Only lines containing the string "Туалетный" belong in the answer; copy all of them from the entries.
──────── RECORDS TO PROCESS
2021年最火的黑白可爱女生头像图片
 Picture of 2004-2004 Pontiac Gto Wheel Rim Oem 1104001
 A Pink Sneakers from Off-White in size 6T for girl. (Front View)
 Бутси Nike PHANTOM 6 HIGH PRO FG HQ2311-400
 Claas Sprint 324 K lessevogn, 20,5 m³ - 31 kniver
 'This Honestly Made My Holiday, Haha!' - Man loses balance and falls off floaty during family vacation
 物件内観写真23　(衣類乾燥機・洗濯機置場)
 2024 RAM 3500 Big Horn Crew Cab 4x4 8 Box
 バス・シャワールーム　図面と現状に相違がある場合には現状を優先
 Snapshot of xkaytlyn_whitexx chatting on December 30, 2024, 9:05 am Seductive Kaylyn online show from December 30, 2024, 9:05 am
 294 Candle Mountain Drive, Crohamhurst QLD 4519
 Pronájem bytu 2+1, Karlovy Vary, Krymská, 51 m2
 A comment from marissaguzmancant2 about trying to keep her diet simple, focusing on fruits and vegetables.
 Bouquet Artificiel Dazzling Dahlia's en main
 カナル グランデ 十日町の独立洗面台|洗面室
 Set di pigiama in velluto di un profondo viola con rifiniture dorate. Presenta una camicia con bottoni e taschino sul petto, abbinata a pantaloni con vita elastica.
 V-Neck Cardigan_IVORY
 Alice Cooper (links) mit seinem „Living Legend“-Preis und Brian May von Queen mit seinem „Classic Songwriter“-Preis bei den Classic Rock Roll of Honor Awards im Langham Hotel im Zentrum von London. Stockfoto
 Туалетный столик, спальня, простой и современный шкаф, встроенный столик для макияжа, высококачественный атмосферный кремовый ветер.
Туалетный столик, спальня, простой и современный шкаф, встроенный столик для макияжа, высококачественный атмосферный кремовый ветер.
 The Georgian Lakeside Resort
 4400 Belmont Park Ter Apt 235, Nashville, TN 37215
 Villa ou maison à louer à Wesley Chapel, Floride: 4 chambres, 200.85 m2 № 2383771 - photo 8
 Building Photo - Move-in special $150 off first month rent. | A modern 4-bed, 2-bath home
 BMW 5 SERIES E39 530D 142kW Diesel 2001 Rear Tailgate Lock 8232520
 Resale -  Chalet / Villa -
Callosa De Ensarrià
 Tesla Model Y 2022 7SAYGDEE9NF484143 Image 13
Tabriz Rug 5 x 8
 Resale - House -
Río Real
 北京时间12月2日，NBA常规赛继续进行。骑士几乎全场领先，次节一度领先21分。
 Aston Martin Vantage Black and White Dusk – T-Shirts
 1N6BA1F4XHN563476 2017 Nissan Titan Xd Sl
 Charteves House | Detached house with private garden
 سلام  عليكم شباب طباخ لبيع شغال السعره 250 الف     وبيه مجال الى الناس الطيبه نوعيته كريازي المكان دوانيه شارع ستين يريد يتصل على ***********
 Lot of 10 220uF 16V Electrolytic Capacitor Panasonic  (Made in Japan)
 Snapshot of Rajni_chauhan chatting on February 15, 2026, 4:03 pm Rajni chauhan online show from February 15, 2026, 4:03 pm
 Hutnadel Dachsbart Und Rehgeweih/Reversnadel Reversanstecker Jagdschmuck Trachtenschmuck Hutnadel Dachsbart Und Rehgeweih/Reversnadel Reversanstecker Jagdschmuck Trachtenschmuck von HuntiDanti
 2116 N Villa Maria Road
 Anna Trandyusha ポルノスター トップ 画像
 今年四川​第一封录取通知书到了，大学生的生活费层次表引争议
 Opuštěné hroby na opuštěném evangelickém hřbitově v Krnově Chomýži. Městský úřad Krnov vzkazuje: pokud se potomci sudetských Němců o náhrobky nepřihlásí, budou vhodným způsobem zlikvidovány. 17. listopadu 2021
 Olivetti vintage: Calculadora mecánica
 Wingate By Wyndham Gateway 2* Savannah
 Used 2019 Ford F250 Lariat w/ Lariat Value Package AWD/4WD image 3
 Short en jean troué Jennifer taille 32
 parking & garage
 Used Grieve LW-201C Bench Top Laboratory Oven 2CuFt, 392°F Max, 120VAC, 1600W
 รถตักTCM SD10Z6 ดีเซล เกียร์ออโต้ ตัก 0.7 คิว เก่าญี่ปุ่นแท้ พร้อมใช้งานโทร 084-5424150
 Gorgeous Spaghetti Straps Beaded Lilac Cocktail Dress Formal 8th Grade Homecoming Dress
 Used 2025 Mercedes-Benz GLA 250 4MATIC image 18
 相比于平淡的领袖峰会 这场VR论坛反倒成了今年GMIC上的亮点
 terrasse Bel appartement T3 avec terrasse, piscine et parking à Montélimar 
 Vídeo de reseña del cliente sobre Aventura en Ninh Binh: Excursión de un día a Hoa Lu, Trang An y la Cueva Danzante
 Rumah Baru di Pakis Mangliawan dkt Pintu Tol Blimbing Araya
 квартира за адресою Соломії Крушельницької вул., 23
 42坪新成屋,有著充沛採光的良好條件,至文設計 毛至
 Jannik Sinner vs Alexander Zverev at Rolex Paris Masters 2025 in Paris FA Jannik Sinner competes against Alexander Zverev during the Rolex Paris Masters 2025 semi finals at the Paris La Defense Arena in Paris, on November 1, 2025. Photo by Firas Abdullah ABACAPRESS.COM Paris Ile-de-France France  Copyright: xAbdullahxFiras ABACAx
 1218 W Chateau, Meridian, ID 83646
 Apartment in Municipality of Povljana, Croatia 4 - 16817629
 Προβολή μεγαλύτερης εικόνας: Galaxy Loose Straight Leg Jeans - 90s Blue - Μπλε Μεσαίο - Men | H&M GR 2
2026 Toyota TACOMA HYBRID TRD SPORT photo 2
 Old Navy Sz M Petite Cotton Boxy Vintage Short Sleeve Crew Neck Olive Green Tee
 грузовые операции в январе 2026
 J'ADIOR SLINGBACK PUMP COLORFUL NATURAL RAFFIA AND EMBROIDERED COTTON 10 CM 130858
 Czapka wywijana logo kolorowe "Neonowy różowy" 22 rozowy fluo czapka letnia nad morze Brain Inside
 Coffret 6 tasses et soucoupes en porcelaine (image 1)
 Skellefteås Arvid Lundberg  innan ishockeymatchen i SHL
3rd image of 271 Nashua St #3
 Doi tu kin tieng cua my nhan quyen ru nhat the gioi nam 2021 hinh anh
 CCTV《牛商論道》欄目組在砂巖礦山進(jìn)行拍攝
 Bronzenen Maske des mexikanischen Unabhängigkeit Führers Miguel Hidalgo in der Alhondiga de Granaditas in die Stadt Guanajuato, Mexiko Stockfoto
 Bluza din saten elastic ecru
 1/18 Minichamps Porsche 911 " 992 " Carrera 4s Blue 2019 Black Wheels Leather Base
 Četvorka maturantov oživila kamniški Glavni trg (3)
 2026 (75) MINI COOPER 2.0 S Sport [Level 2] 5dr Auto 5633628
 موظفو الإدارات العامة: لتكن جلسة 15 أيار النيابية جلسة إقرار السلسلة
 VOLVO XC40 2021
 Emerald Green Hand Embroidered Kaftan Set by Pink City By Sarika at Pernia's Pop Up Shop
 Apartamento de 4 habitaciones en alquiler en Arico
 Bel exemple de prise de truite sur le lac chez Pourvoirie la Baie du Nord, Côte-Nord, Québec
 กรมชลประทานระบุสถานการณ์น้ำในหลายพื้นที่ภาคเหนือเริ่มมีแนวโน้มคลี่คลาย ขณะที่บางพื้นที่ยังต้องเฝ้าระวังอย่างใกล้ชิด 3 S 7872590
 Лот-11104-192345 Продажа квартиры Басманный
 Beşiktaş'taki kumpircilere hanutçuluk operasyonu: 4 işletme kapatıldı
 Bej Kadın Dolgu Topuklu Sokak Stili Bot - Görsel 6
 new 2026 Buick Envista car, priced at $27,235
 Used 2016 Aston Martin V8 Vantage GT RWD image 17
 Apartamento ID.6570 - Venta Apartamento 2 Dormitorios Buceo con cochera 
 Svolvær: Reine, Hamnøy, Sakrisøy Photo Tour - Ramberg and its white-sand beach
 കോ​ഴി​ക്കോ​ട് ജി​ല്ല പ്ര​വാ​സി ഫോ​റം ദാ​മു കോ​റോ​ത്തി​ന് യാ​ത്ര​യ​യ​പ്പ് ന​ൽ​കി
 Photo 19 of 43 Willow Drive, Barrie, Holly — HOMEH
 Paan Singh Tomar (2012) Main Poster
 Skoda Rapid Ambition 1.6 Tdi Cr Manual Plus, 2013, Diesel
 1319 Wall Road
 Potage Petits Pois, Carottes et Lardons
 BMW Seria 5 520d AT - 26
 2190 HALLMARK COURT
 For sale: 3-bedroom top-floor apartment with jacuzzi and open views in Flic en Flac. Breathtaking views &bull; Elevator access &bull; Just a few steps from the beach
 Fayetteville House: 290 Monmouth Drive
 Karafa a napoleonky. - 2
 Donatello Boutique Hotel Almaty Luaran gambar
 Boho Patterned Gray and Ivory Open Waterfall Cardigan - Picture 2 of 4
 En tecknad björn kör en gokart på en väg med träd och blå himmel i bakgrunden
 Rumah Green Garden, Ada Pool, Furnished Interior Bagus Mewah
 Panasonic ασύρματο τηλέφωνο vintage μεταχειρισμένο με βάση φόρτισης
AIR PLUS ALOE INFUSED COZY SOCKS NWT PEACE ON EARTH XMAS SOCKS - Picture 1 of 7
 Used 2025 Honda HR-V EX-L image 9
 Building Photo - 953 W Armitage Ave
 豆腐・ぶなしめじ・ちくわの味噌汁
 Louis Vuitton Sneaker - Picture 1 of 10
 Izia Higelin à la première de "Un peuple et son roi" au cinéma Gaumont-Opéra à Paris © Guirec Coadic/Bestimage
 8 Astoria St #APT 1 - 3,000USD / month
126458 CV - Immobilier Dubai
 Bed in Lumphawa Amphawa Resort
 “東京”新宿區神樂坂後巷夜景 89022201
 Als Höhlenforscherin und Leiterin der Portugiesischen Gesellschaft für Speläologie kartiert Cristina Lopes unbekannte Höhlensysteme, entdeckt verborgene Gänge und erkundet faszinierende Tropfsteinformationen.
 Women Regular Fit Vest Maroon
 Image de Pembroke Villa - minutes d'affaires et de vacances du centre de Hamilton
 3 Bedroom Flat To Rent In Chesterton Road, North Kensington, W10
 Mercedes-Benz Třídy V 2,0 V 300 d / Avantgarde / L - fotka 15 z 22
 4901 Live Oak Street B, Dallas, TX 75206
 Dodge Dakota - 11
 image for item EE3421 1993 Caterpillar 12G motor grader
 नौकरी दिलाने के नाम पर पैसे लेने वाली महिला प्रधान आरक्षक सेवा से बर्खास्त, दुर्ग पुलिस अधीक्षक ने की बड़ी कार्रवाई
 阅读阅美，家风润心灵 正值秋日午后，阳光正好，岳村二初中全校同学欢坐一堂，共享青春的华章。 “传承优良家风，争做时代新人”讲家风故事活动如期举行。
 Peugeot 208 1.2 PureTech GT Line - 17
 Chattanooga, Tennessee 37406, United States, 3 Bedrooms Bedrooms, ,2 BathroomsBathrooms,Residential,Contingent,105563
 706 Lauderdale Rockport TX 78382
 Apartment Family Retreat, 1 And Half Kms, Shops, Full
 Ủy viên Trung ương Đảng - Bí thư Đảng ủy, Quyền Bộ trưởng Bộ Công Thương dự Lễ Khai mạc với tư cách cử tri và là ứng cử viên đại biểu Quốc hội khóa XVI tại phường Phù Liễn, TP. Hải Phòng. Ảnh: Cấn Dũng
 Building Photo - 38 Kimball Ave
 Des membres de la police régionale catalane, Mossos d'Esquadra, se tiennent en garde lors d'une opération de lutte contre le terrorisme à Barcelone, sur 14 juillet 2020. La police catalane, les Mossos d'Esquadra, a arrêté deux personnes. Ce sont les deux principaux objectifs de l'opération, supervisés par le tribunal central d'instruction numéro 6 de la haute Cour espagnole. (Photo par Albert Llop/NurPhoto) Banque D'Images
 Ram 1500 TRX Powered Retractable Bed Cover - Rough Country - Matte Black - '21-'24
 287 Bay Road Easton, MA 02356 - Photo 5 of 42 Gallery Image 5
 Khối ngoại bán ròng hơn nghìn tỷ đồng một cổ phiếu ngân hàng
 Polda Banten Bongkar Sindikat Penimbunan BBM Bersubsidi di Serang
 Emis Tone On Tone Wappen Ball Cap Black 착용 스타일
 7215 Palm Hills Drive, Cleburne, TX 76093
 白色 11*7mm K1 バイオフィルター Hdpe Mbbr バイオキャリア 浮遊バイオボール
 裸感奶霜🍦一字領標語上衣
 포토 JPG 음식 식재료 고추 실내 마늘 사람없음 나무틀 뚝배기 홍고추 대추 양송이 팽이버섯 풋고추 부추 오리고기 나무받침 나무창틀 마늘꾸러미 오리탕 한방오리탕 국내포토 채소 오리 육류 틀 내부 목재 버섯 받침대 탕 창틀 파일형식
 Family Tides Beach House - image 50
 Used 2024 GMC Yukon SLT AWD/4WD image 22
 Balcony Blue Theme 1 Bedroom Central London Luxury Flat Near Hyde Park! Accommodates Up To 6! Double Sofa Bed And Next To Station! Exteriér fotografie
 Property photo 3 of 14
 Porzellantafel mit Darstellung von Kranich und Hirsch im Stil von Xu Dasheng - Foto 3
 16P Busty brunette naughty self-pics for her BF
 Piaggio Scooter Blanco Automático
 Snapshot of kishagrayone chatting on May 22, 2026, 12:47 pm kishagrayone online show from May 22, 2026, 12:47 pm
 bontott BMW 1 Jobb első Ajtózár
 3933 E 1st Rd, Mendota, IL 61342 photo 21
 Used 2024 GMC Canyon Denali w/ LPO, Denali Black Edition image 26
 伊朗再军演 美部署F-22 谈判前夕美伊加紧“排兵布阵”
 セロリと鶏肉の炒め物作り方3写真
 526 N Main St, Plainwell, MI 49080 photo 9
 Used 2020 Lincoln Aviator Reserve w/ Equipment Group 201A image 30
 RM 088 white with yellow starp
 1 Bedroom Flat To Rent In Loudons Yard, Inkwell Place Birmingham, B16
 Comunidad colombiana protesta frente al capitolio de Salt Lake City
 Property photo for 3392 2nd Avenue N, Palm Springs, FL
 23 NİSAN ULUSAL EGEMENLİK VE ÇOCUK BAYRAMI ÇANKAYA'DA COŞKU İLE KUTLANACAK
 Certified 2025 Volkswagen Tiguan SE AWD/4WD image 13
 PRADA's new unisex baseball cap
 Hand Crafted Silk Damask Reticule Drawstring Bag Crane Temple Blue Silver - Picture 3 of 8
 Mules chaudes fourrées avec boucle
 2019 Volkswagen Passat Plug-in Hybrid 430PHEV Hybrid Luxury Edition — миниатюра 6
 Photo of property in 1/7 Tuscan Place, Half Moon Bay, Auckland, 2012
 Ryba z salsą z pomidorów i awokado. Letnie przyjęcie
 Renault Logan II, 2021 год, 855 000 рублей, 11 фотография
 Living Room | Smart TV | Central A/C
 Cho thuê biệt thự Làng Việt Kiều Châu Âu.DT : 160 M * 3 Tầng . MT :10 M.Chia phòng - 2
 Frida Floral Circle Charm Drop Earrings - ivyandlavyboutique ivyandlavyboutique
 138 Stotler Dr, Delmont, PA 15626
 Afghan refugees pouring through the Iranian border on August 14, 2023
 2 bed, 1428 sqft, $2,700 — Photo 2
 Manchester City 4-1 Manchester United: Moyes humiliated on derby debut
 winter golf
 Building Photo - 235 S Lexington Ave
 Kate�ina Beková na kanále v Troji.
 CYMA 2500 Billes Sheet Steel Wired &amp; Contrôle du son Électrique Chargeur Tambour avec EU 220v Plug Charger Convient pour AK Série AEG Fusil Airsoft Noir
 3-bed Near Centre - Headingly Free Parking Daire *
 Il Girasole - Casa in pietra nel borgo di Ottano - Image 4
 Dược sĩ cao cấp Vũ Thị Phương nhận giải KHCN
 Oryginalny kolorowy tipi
────────────────
== ANSWER SPACE ==
 Туалетный столик, спальня, простой и современный шкаф, встроенный столик для макияжа, высококачественный атмосферный кремовый ветер.
Туалетный столик, спальня, простой и современный шкаф, встроенный столик для макияжа, высококачественный атмосферный кремовый ветер.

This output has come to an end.